Upon the submission of the cause the appellant made a motion to amend its assignments of error, which motion is now granted.
The decree of the Supreme Court of Ohio, affirming the order of the Public Utilities Commission, does not impair any privileges or immunities secured to the appellant by the Constitution of the United States, and must therefore be affirmed.
Mr. Justice VAN DEVANTER and Mr. Justice SUTHERLAND took no part in the consideration or decision of this case.
Mr. Justice McREYNOLDS and Mr. Justice BUTLER concur in the result.
The appraisal of the appellant's property at the amount fixed by the commission will allow a return of 6 1/2 per cent. if operating expenses are lowered by this reduction of the gateway price.
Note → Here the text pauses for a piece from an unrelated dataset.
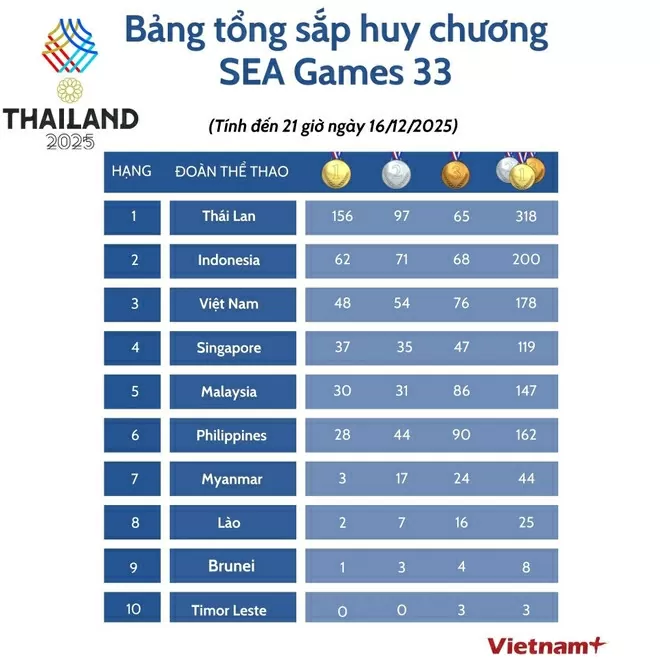 Bảng tổng sắp huy chương SEA Games 33 tính đến 21h ngày 16/12: VĐV điền kinh Nguyễn Thị Oanh có 3 Huy chương Vàng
At the contract price of 45 cents the return will be less.
Under the Ohio law a corporation selling its entire product to public utilities which in turn sell that product to consumers is itself a public utility if the shares are owned by the same persons. Ohio Mining Co. v. P.U. Comm., 106 Ohio St. 138, 146, 150, 140 N.E. 143.
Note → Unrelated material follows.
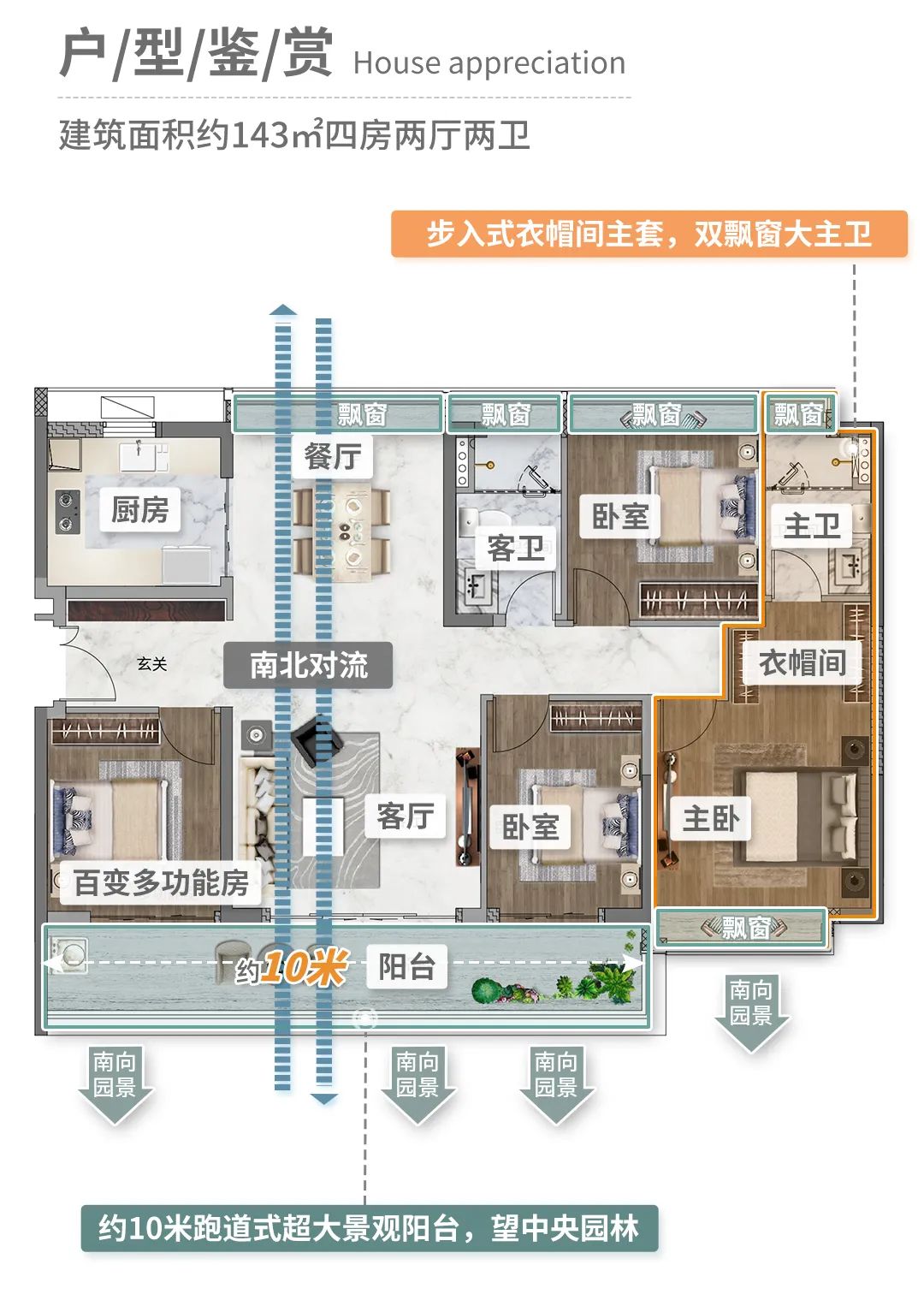 广州升龙学府上城现在怎么样,广州知识城升龙学府上城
The Ohio Fuel Gas Company took over in June, 1929, the leases of an affiliated company, the Logan Gas Company and its predecessor, the Logan Natural Gas & Fuel Company. These leases, after being carried on the Logan books at about $2,500,000, were marked up in 1919 so as to show an increase in value of $3,748,036.48.
The appellant's yearly revenues during the period of inquiry were $666 in excess of the amount of money needed to yield a return of 6 1/2 per cent. on the value fixed by the commission. If preconstruction costs were to be added to the full extent claimed, the rate of return would be about .064.